Single by Mat Kearney

from the album Young Love
- Released: November 2011
- Genre: Pop
- Length: 4:15
- Label: Aware; Universal Republic;
- Songwriter(s): Matt Kearney; Robert Marvin; Joshua Crosby; Jason Lehning;
- Producer(s): Kearney; Lehning;

Mat Kearney singles chronology
| "Down" (2011) | "Ships in the Night" (2011) | "Heartbeat" (2014) |

Music video
- "Ships in the Night" on YouTube

= Ships in the Night (Mat Kearney song) =

2011 single by Mat Kearney

"Ships in the Night" is a song by American singer-songwriter Mat Kearney and the third single from his fourth studio album Young Love (2011).
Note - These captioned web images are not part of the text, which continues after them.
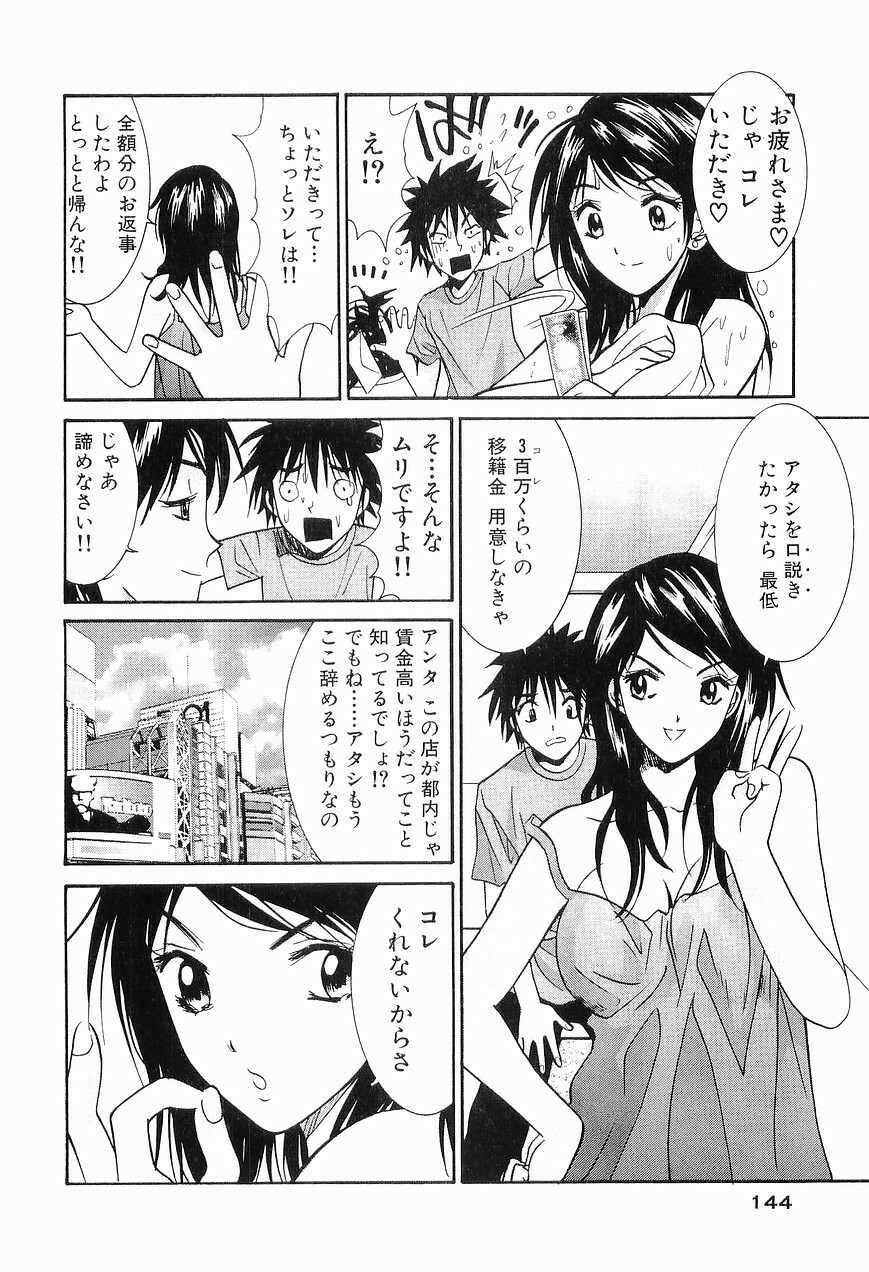 [Uchino Bungo] Gomen Asobase 1 - Seishun Hen page 146 full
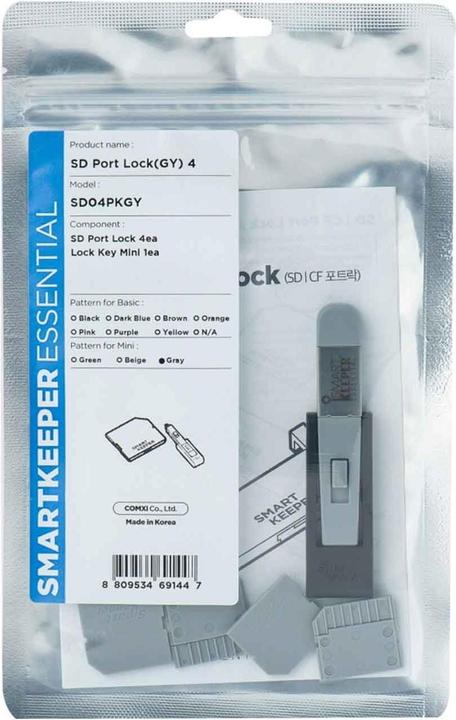 Actual product image Smart Keeper SMARTKEEPER ESSENTIAL 4x Micro SD Port Blocker + Lock Key gy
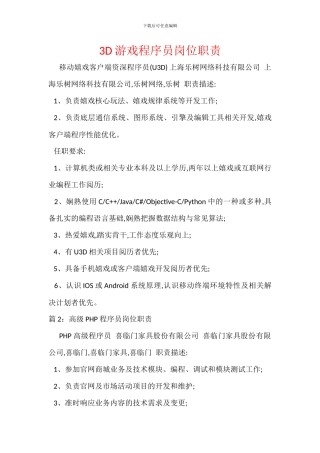 3D游戏程序员岗位职责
It was written by Kearney himself, Robert Marvin, Joshua Crosby and Jason Lehning and produced by Kearney and Lehning.

==Background==
In an interview with SheKnows.com, Mat Kearney explained his inspiration behind the song:

Everything [on Young Love] was real. I had to have bled every lyric about my family or about my new marriage. "Ships in the Night" was a current song on the radio and that one — it took me a long time to write. All of the sudden, I got in this fight with my wife on the way to the airport or something and we weren't talking, and then I called her and we were like making up, and I remember pulling out my laptop and like taking notes on our conversation, like "What did you say again?" It just turned into a really cool, special song about two people trying to connect, and it's probably one of my favorite songs on the record.

==Composition==
The song depicts the narrator in a troubled relationship that has been impacted by his traumatic childhood. It has been described as incorporating "Jason Mraz's hip-hop fusion".

==Charts==

| Chart (2011–2012) | Peak position |
|---|---|
| US Billboard Hot 100 | 87 |
| US Adult Pop Songs (Billboard) | 25 |
| US Hot Christian Songs (Billboard) | 31 |

==Certifications==

| Region | Certification | Certified units/sales |
| United States (RIAA) | Gold | 500,000^{^} |
^{^} Shipments figures based on certification alone.